API questions

32 views
Skip to first unread message

José Tomás Atria

unread,
Oct 20, 2015, 12:59:54 PM10/20/15
to Semantic Vectors
Hello all,

I just started playing around with semanticvectors, and I have a couple of questions about the current state of the package and its API.

First, why are tests disabled in the master branch? When enabled, two tests fail, but since I'm not familiar with the codebase, I can't tell if the error is in the test or the code...

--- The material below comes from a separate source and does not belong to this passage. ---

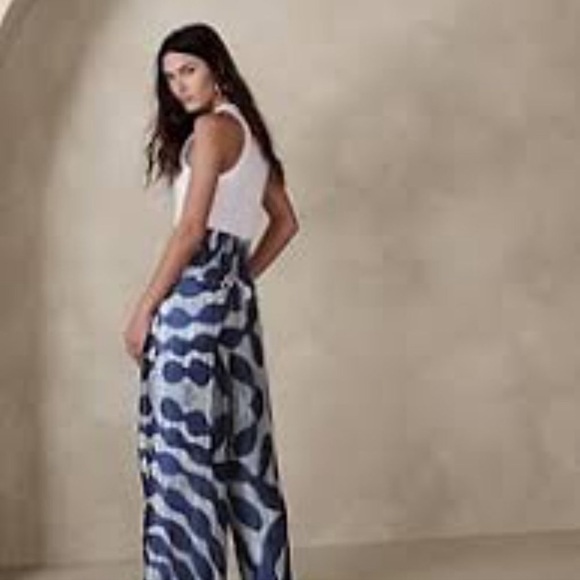 NWT Banana Republic Satin Jacquard Wide Leg Blue and White Pants - 10 - Picture 2 of 6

Second, I see that the VectorStore interface used to have methods for getDimension() and getVectorType(), which were, of course, the first two methods that I found myself wanting when I tried to use the interface... Why were they removed? I understand that having these methods in the interface would force implementations to enforce homogeneity, but I would think this a good thing, and I haven't seen any use of heterogeneous vector stores... Is there a use case for that scenario?

Finally, I see that some parts of the code use some rather old or obsolete interfaces (most notoriously, Enumeration<E> all around). Are there any plans to update these parts of the library? Were I to start working in this direction, are there any gotchas that I should be aware of?

Thank you in advance for any help.
Best,
jta

Dominic

unread,
Oct 20, 2015, 1:15:52 PM10/20/15
to Semantic Vectors
Hi there,

Thanks for good questions, answers (some better than others!) inline.


On Tuesday, October 20, 2015 at 9:59:54 AM UTC-7, José Tomás Atria wrote:
Hello all,

I just started playing around with semanticvectors, and I have a couple of questions about the current state of the package and its API.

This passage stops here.